### [Exercise description]
Copy word for word, and only, the lines below from the one with "Naturaleza ft. NICKI NICOLE - Camilo" through the last.

### [Input data]

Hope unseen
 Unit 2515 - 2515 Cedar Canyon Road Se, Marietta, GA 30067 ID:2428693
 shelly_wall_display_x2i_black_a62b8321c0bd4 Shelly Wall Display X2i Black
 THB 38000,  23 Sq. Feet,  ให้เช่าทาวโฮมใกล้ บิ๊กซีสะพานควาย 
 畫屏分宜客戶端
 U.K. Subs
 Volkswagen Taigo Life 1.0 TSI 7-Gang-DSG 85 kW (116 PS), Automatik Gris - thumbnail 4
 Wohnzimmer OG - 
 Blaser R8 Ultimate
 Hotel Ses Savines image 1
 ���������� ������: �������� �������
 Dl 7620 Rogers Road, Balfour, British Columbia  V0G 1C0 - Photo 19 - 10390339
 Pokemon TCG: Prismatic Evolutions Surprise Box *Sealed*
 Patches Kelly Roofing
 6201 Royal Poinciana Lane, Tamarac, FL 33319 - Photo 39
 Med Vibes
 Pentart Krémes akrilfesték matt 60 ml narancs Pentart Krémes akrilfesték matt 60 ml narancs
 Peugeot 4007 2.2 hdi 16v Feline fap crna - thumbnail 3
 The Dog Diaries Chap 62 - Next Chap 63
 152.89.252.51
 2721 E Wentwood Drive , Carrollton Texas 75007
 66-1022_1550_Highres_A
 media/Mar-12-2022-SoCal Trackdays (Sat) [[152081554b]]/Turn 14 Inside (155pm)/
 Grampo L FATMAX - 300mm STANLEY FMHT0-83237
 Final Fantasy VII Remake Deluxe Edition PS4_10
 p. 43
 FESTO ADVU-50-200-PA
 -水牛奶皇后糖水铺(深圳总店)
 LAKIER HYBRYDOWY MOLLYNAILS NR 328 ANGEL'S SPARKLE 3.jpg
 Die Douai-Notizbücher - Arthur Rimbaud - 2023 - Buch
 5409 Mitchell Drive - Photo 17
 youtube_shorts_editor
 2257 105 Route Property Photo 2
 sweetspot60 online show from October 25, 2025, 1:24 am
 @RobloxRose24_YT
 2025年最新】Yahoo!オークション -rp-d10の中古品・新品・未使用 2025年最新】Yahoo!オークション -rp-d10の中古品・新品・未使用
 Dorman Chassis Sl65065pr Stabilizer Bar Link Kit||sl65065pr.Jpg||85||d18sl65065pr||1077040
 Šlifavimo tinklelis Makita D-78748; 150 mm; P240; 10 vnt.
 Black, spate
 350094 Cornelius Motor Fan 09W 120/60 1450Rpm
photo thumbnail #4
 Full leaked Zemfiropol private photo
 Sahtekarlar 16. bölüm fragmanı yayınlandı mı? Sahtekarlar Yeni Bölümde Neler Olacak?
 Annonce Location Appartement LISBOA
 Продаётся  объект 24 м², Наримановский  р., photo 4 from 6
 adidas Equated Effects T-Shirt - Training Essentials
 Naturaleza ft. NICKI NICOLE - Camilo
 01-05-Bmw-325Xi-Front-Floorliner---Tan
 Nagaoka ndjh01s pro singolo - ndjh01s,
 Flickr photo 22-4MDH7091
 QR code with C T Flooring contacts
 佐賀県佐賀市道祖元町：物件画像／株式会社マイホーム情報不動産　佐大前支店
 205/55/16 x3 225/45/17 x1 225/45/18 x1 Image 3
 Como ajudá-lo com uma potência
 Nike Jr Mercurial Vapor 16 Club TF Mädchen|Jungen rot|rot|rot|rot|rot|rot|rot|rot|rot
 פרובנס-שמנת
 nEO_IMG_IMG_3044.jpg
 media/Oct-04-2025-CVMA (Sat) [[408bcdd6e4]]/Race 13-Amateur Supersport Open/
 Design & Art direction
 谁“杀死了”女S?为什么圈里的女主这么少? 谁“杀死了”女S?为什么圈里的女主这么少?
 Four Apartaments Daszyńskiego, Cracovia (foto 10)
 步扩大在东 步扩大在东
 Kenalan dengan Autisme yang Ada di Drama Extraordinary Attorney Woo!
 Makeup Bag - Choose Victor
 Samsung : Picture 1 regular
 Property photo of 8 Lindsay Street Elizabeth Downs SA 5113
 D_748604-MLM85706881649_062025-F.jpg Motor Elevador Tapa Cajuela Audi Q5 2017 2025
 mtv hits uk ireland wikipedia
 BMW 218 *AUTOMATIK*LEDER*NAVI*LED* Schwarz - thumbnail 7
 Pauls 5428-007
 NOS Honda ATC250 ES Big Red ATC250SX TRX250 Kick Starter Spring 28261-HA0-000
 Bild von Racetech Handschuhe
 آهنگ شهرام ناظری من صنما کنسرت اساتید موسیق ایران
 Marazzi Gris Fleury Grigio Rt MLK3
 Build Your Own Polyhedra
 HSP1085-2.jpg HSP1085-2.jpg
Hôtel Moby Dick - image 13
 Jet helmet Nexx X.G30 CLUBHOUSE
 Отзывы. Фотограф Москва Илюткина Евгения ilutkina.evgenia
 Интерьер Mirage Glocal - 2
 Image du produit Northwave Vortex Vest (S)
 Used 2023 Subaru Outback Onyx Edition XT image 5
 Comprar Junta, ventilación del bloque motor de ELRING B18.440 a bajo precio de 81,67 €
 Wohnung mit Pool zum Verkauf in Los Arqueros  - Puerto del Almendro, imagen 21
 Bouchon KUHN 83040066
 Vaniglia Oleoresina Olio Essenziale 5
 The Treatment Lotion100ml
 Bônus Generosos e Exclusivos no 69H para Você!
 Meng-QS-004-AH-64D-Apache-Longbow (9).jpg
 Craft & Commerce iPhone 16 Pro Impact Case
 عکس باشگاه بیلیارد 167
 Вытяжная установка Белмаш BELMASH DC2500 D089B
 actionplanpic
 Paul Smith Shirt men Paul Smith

### [Exercise answer]
 Naturaleza ft. NICKI NICOLE - Camilo
 01-05-Bmw-325Xi-Front-Floorliner---Tan
 Nagaoka ndjh01s pro singolo - ndjh01s,
 Flickr photo 22-4MDH7091
 QR code with C T Flooring contacts
 佐賀県佐賀市道祖元町：物件画像／株式会社マイホーム情報不動産　佐大前支店
 205/55/16 x3 225/45/17 x1 225/45/18 x1 Image 3
 Como ajudá-lo com uma potência
 Nike Jr Mercurial Vapor 16 Club TF Mädchen|Jungen rot|rot|rot|rot|rot|rot|rot|rot|rot
 פרובנס-שמנת
 nEO_IMG_IMG_3044.jpg
 media/Oct-04-2025-CVMA (Sat) [[408bcdd6e4]]/Race 13-Amateur Supersport Open/
 Design & Art direction
 谁“杀死了”女S?为什么圈里的女主这么少? 谁“杀死了”女S?为什么圈里的女主这么少?
 Four Apartaments Daszyńskiego, Cracovia (foto 10)
 步扩大在东 步扩大在东
 Kenalan dengan Autisme yang Ada di Drama Extraordinary Attorney Woo!
 Makeup Bag - Choose Victor
 Samsung : Picture 1 regular
 Property photo of 8 Lindsay Street Elizabeth Downs SA 5113
 D_748604-MLM85706881649_062025-F.jpg Motor Elevador Tapa Cajuela Audi Q5 2017 2025
 mtv hits uk ireland wikipedia
 BMW 218 *AUTOMATIK*LEDER*NAVI*LED* Schwarz - thumbnail 7
 Pauls 5428-007
 NOS Honda ATC250 ES Big Red ATC250SX TRX250 Kick Starter Spring 28261-HA0-000
 Bild von Racetech Handschuhe
 آهنگ شهرام ناظری من صنما کنسرت اساتید موسیق ایران
 Marazzi Gris Fleury Grigio Rt MLK3
 Build Your Own Polyhedra
 HSP1085-2.jpg HSP1085-2.jpg
Hôtel Moby Dick - image 13
 Jet helmet Nexx X.G30 CLUBHOUSE
 Отзывы. Фотограф Москва Илюткина Евгения ilutkina.evgenia
 Интерьер Mirage Glocal - 2
 Image du produit Northwave Vortex Vest (S)
 Used 2023 Subaru Outback Onyx Edition XT image 5
 Comprar Junta, ventilación del bloque motor de ELRING B18.440 a bajo precio de 81,67 €
 Wohnung mit Pool zum Verkauf in Los Arqueros  - Puerto del Almendro, imagen 21
 Bouchon KUHN 83040066
 Vaniglia Oleoresina Olio Essenziale 5
 The Treatment Lotion100ml
 Bônus Generosos e Exclusivos no 69H para Você!
 Meng-QS-004-AH-64D-Apache-Longbow (9).jpg
 Craft & Commerce iPhone 16 Pro Impact Case
 عکس باشگاه بیلیارد 167
 Вытяжная установка Белмаш BELMASH DC2500 D089B
 actionplanpic
 Paul Smith Shirt men Paul Smith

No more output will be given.